Patterns for Distributed Hash TablesRange Queries

time to read 8 min | 1406 words

Next to last, in this series on using Distributed Hash Tables (DHT)!

The previous ones are:

In the previous post, we covered how we can create an index that will allow us to get all items that exactly match a specific value. However, we have seen that trying to query by range is not possible using this approach.

This white paper (PDF) covers how we can use a Trie on top of a DHT. This is an intensely interesting subject. However, since I do not intend to regurgitate either the article or the discussion on tries, I would like to show an implementation of a trie on a DHT, instead. I strongly suggest reading the article, at least.

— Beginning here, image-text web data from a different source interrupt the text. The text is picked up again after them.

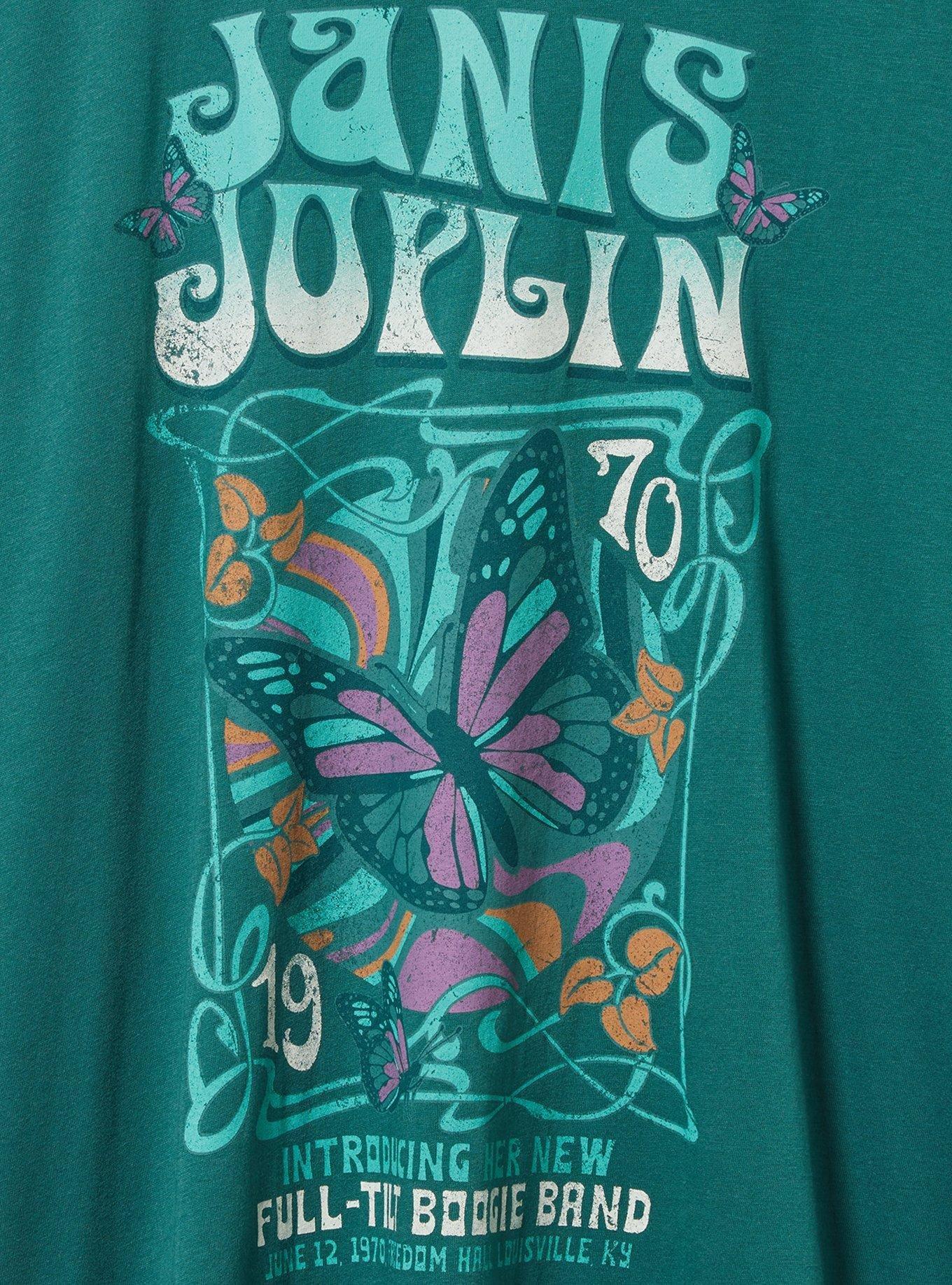 Janis Joplin Oversized Fit Cotton Crew Tee, TEAL, alternate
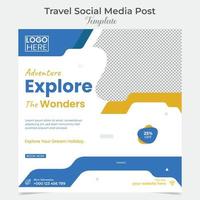 feriado turismo e viagem social meios de comunicação postar e quadrado folheto postar bandeira modelo Projeto vetor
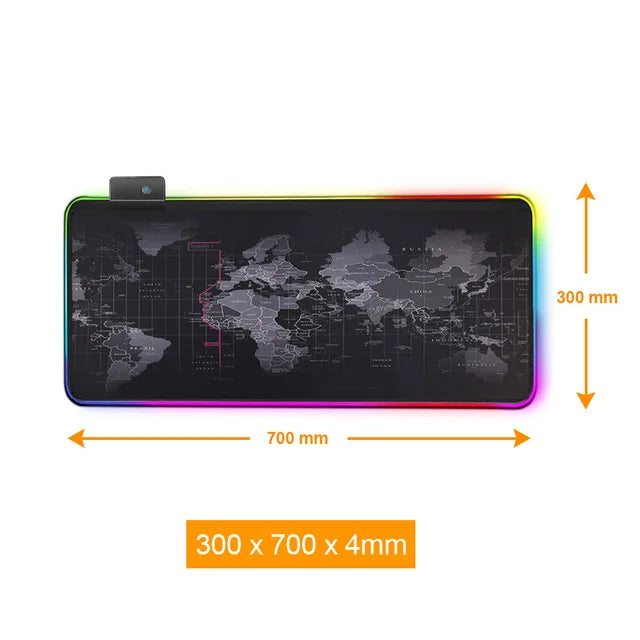 Alfombrilla de ratón para juegos, alfombrilla de ratón grande para ordenador, mapa del mundo RGB, alfombra grande para ratón, alfombrilla RGB para escritorio de PC 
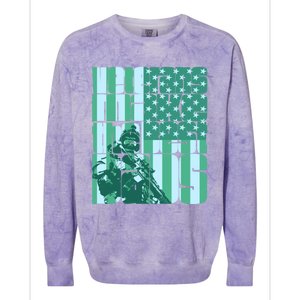 Veterans Make The Best Dads Gift Colorblast Crewneck Sweatshirt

Note about the implementation, yes, it is not as nice as it can be, probably inefficient and don't manage a lot of the things that the white paper calls for (like splitting nodes), I am aware of that, but I choose to go with a simple implementation to demonstrate the concept. If you would like to extend the implementation to show how it should be done, I would be very interested in seeing this.

The code for the Trie implementation can be found in the scratch pad.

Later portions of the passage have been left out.